Extracts Mermaid blocks from the Markdown
Invokes mmdc to render each block as a PNG
Replaces the code block with an image reference

Module: obsidian_export.pipeline.stage3_mermaid

Stage 3b: SVG Conversion¶

Converts SVG image references for format compatibility:

Finds ![](*.svg) image references
PDF output: converts each SVG to PDF via rsvg-convert
DOCX output: converts each SVG to PNG via rsvg-convert
Replaces SVG references with the converted file references

Module: obsidian_export.pipeline.stage3_svg

Stage 3c: Image Conversion¶

Converts image formats not natively supported by the target renderer to PNG using Pillow:

PDF (tectonic/LaTeX) natively supports: PNG, JPG/JPEG, PDF
DOCX (pandoc) natively supports: PNG, JPG/JPEG, GIF, BMP, TIFF
Any other format (e.g., WebP, AVIF) is converted to PNG in the temporary directory
SVG images are skipped (handled by Stage 3b)

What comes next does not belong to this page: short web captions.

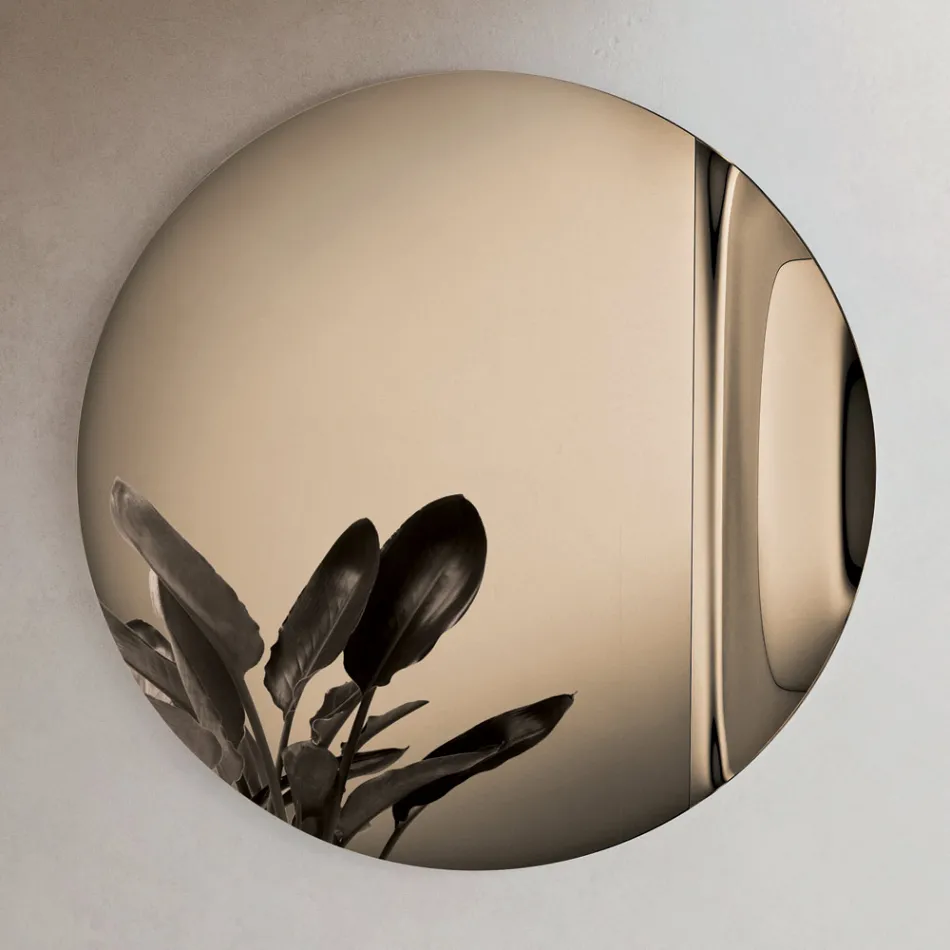 Gemaakt in Italië: Spiegel van gefuseerd glas met golvend patroon - Candida Viadurini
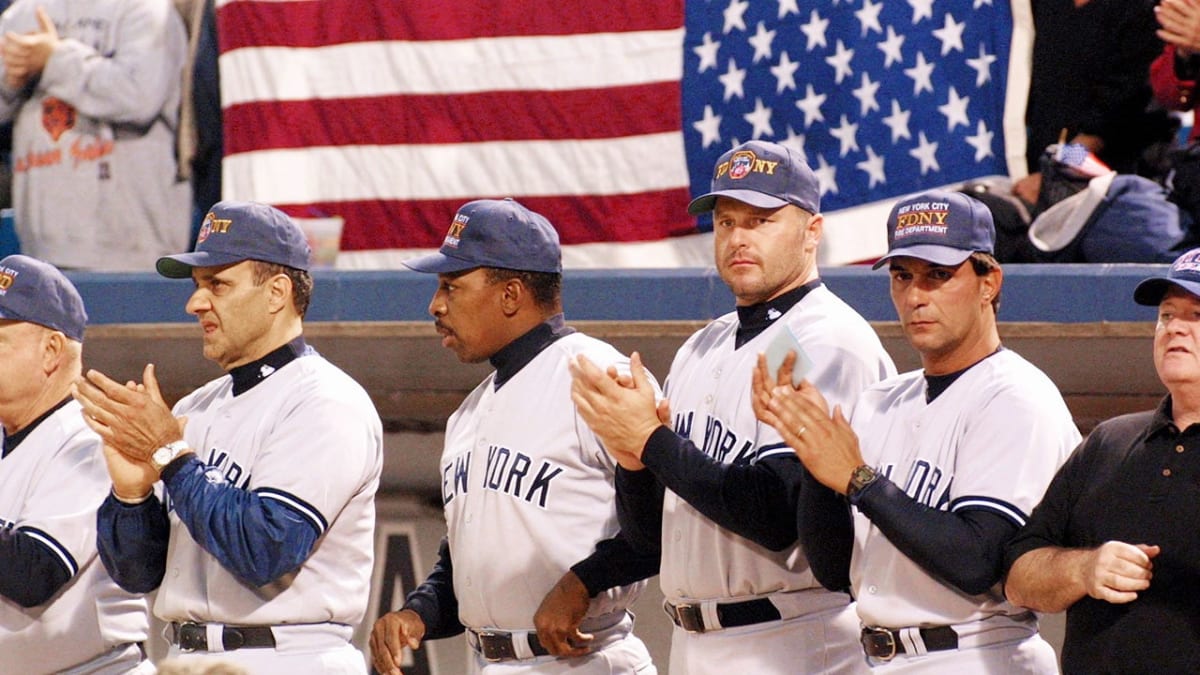 New York baseball fans cheering together at stadium after September 11 attacks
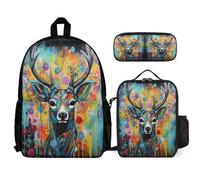 WECECE Backpack Elk with Lunch Box Pencil Case for Children Age 7, School Bag Animal Deer with Lunch Box Pencil Case Year 7 for Young Learners Sports Clubs and Holidays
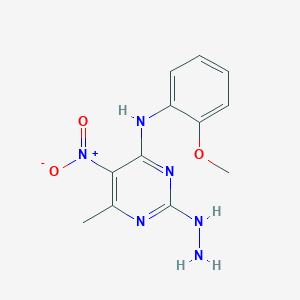 4-[(2-methoxyphenyl)amino]-6-methyl-5-nitro-2(1H)-pyrimidinone hydrazone
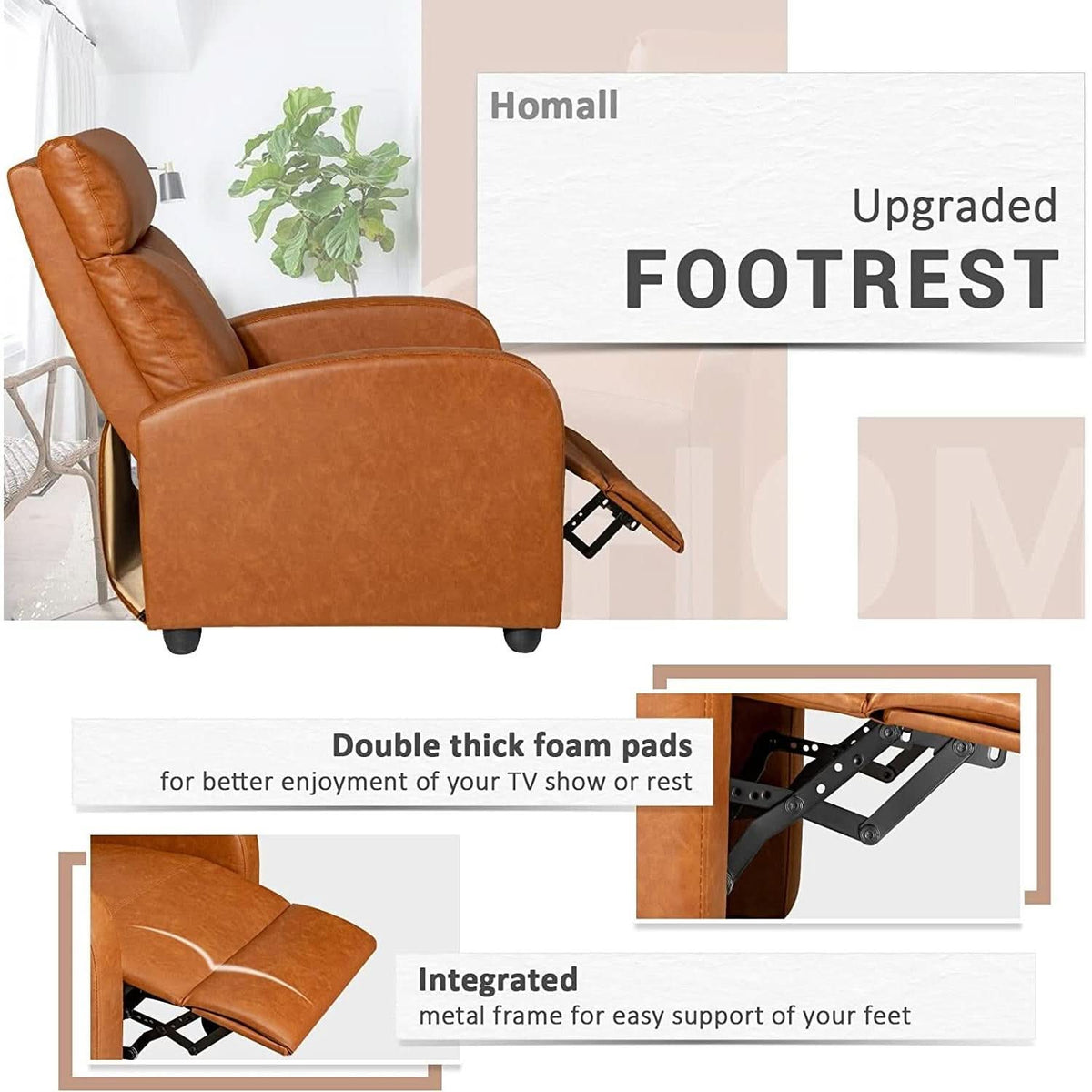 Khaki PU Leather Recliner Chair With Adjustable 90 To 180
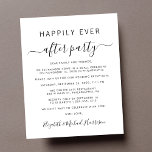 Budget Photo Wedding Reception Invitation<br><div class="desc">Een budgetvriendelijke aankondiging van de chic-stichting of een privé-bruiloft in combinatie met een uitnodiging van een post-bruiloft- of feestpartij. Op de voorzijde, "gelukkig Ooit na Partij"wordt geschreven in eenvoudige typografie en een stijlvol manuscript met swashes. Pas uw huwelijksaankondiging en uitnodiging aan en voeg uw namen in een handtekeningsachtig manuscript toe....</div>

Module: obsidian_export.pipeline.stage3_image

Stage 4: Pandoc Conversion¶

Produces the final output via pandoc:

PDF: Uses tectonic (XeLaTeX) as the PDF engine, with a rendered LaTeX header template for styling
DOCX: Direct pandoc conversion with GFM input format

Module: obsidian_export.pipeline.stage4_pandoc

Data Flow¶

Each stage receives the Markdown body as a string and returns a transformed string. The run() function orchestrates the stages in sequence:

from obsidian_export import run
from obsidian_export.config import load_config

config = load_config(Path("my_config.yaml"))
run(Path("input.md"), Path("output.pdf"), "pdf", config)

The pipeline uses a temporary directory for intermediate files (Mermaid PNGs, SVG-to-PDF conversions). This directory is automatically cleaned up after conversion.